Methods Protein acetylation in synovial tissue was assessed by immunohistochemistry. The mRNA levels of HDAC family members and inflammatory mediators in the synovial tissue and the changes in HDAC expression in RA FLS were measured by quantitative (q) PCR. FLS were either transfected with HDAC5 siRNA or transduced with adenoviral vector encoding wild-type HDAC5 and the effects of HDAC5 manipulation were examined by qPCR arrays, ELISA and ELISA-based assays.

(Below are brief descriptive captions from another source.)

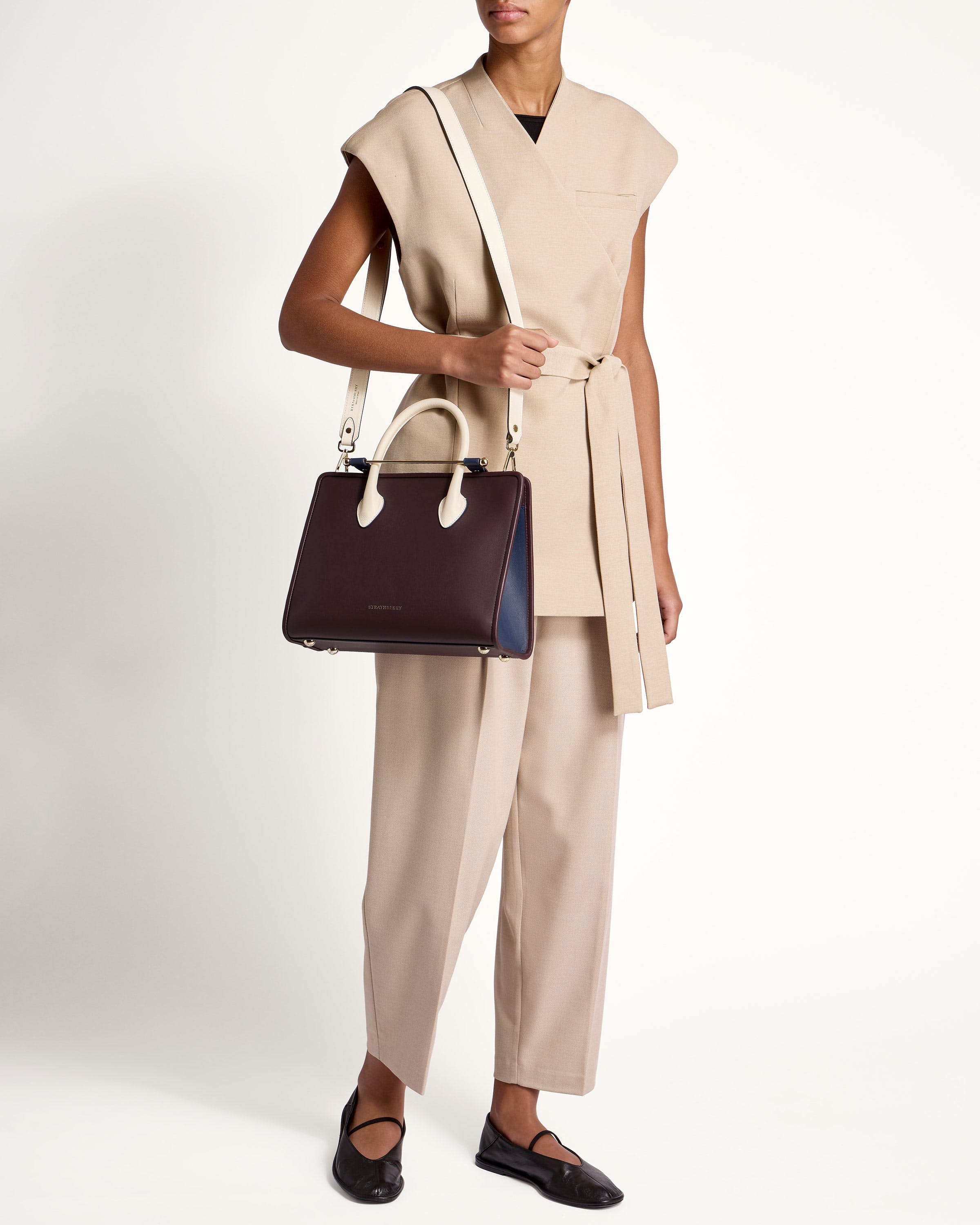 A woman holding a brown and black handbag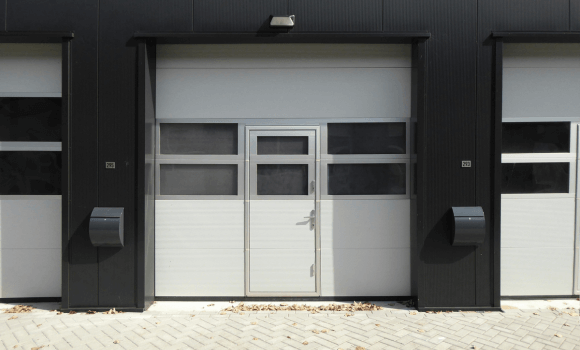 Modern white garage door installed in Arcadia, AZ by Pride Garage Doors.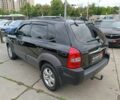 Черный Хендай Туксон, объемом двигателя 2 л и пробегом 214 тыс. км за 7690 $, фото 3 на Automoto.ua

Results Synovial class I HDAC expression was associated with local expression of tumour necrosis factor (TNF) and matrix metalloproteinase-1, while class IIa HDAC5 expression was inversely associated with parameters of disease activity (erythrocyte sedimentation rate, C-reactive protein, Disease Activity Score in 28 Joints). Interleukin (IL)-1β or TNF stimulation selectively suppressed HDAC5 expression in RA FLS, which was sufficient and required for optimal IFNB, CXCL9, CXCL10 and CXCL11 induction by IL-1β, associated with increased nuclear accumulation of the transcription factor, interferon regulatory factor 1(IRF1).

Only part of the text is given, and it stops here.